To enforce the new practice and make it seamless to keep our codebase up to date and safe, we decided to write a custom ESLint linter to check for React.ReactNode
and throw an error with a pointer to our preferred type.
This post is not about how ESLint plugins work, but in case you want to use it here is the plugin we arrived at:
module.exports = {
create(context) {
return {
TSTypeReference(node) {
if (
node.typeName.type === 'TSQualifiedName' &&
node.typeName.left.name === 'React' &&
node.typeName.right.name === 'ReactNode'
) {
context.report(
node,
node.loc,
'React.ReactNode considered unsafe. Use StrictReactNode from humu-components/src/util/strictReactNode instead.',
);
}
},
};
},
};
Now if someone does by accident try to use React.ReactNode
in a type declaration, they get an error that looks like this:
Linting is a part of our CI testing that occurs before any branch can be merged, so this prevents anyone from accidentally pulling in the unsafe React.ReactNode
type and points them to the replacement type instead.

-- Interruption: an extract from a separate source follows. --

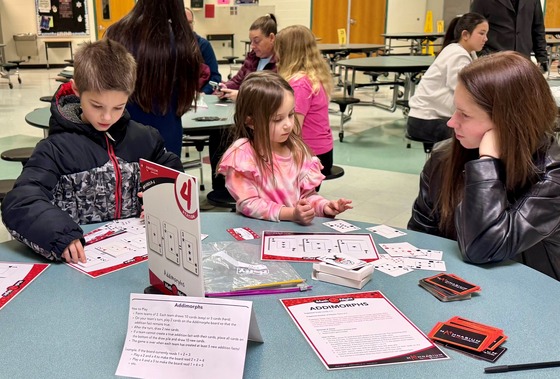 student playing math game at math night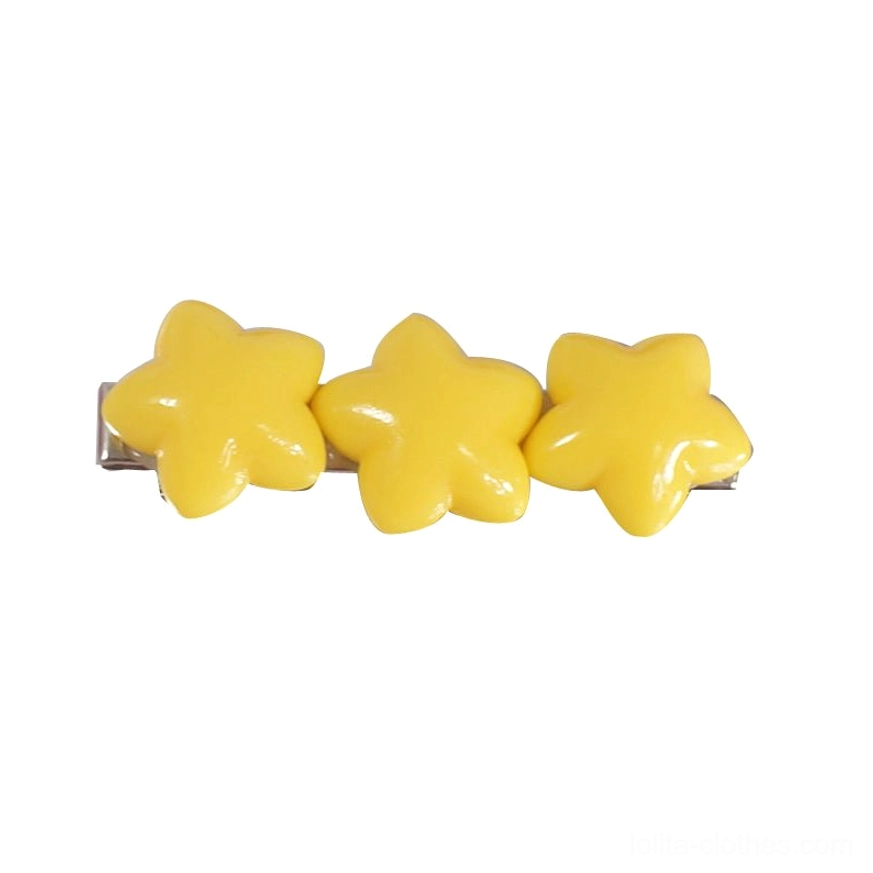 Triple yellow star hair clip with glossy star beads and metal alligator clip on white background flat lay display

Update: Mathieu TUDISCO wrote a more generalized eslint plugin with a fixer!
Wrapping Up
From my perspective, the entire goal of using TypeScript and a type system is to be able to prevent an entire class of bugs and make refactors like the original one that sparked this safe to do.
Having a wide open type like this in a super commonly used library is super scary. Time permitting, I will continue to work on getting this patched in DefinitelyTyped, but the ecosystem problem is large enough that this is unlikely to happen in a timely manner. Changes of this magnitude create a massive wave of ripples and types that need to be updated.
In the meantime, I highly recommend using an approach like our StrictReactNode
to protect your codebase.
Top comments (0)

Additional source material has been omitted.